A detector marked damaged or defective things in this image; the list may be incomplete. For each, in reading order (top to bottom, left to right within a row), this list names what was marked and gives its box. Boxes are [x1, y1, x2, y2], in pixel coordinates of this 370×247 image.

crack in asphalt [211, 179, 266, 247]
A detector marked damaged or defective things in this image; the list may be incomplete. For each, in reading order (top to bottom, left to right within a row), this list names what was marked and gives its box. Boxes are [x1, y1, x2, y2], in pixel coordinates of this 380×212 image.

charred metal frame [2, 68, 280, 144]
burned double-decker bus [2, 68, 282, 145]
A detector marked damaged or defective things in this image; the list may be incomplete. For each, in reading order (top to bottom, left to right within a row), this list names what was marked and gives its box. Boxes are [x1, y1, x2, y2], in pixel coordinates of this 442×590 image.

---

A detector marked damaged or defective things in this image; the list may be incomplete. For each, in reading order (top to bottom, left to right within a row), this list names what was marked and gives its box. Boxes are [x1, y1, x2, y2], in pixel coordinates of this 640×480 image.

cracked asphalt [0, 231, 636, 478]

==

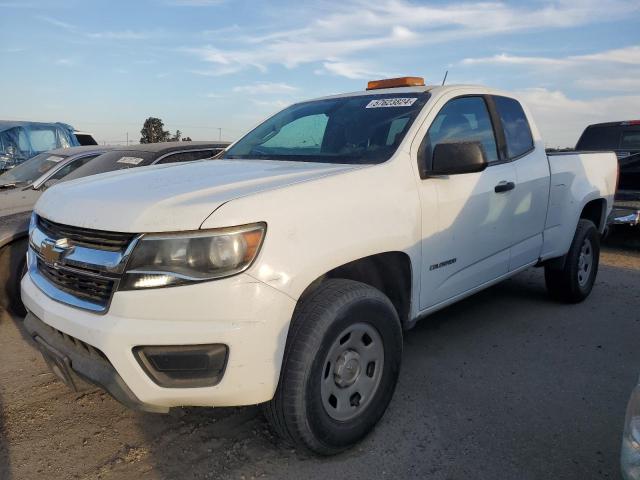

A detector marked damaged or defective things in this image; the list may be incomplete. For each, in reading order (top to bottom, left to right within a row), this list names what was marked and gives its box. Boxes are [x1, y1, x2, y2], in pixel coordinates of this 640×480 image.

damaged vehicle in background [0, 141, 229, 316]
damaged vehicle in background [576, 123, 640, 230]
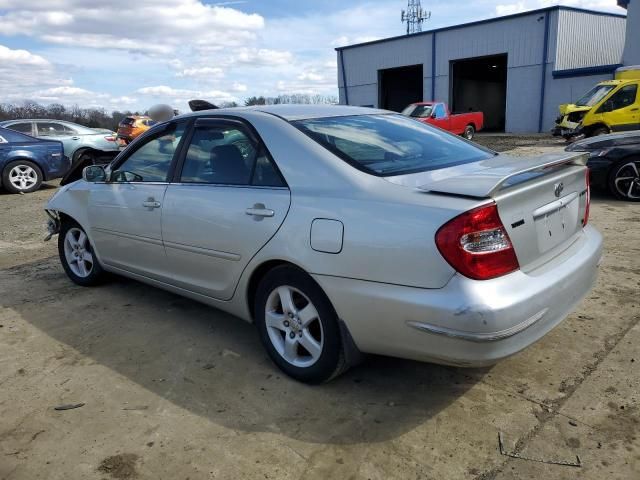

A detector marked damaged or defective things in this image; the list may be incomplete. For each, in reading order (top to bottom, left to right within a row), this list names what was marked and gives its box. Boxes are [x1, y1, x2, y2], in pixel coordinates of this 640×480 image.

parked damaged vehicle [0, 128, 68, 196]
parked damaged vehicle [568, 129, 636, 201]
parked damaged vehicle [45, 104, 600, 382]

PROBLEM REQUIREMENTS: The listing above holds a line with "this 370×247 image." and a line with "this 442×590 image.". Print the stretch from the first through the second, exactly and alone.

TASK ANSWER:
A detector marked damaged or defective things in this image; the list may be incomplete. For each, in reading order (top to bottom, left to right within a row), this list names what was marked and gives its box. Boxes are [x1, y1, x2, y2], in pixel coordinates of this 370×247 image.

crack in asphalt [211, 179, 266, 247]
A detector marked damaged or defective things in this image; the list may be incomplete. For each, in reading order (top to bottom, left to right within a row), this list names what was marked and gives its box. Boxes are [x1, y1, x2, y2], in pixel coordinates of this 380×212 image.

charred metal frame [2, 68, 280, 144]
burned double-decker bus [2, 68, 282, 145]
A detector marked damaged or defective things in this image; the list may be incomplete. For each, in reading order (top to bottom, left to right within a row), this list names what was marked and gives its box. Boxes are [x1, y1, x2, y2], in pixel coordinates of this 442×590 image.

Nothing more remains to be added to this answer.